Prompt: Transcribe word for word the lines below from the line with "Global Oil Prices" through the line with "524-dora-drive-wallaceburg-ontario-26023447", ends included.

Recorded information:
▬▬▬

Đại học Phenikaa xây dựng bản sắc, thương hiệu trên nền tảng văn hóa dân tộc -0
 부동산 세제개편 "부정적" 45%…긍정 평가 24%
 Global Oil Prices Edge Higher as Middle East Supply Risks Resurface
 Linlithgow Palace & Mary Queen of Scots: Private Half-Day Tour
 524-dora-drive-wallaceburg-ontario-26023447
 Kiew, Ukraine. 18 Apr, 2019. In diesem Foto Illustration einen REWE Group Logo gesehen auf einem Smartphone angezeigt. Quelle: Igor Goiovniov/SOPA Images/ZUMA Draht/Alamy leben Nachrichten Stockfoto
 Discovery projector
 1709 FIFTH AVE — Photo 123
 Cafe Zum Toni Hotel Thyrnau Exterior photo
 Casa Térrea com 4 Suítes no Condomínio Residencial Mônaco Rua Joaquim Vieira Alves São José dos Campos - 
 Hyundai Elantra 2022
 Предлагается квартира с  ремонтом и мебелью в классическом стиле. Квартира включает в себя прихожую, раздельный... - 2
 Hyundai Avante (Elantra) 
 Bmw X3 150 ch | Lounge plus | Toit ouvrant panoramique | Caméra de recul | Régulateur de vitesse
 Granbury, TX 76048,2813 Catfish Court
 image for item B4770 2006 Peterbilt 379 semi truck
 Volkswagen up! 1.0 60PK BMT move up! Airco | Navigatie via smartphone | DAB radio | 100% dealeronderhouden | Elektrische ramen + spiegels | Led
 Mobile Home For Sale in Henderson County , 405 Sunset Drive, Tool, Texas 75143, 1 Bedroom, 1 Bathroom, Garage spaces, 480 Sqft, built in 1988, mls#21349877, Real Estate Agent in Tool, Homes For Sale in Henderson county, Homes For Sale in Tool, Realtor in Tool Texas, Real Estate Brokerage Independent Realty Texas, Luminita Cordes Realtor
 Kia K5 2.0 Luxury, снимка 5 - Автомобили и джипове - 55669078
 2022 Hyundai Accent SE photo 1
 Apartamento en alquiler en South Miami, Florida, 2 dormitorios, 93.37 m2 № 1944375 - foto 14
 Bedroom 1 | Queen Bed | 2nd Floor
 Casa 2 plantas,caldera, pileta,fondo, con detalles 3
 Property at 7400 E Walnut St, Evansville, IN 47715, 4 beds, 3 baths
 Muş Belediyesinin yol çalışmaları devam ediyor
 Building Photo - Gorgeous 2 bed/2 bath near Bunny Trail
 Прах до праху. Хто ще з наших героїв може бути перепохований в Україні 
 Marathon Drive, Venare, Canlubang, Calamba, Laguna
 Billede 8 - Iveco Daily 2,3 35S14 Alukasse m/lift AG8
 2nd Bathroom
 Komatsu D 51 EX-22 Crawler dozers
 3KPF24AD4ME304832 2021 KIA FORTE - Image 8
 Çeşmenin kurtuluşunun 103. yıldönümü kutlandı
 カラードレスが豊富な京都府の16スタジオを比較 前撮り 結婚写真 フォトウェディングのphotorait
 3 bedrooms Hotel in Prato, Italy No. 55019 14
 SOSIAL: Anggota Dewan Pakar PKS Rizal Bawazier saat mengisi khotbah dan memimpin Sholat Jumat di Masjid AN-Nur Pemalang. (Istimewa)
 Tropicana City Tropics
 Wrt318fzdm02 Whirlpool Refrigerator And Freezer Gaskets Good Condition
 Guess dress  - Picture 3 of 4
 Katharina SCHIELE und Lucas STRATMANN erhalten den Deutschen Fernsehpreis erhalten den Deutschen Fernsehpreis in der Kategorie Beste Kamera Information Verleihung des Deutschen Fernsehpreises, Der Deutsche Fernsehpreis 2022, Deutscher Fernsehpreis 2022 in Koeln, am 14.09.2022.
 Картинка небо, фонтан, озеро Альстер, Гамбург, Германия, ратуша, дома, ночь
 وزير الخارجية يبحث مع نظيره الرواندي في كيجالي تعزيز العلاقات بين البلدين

▬▬▬

Response to the exercise:
 Global Oil Prices Edge Higher as Middle East Supply Risks Resurface
 Linlithgow Palace & Mary Queen of Scots: Private Half-Day Tour
 524-dora-drive-wallaceburg-ontario-26023447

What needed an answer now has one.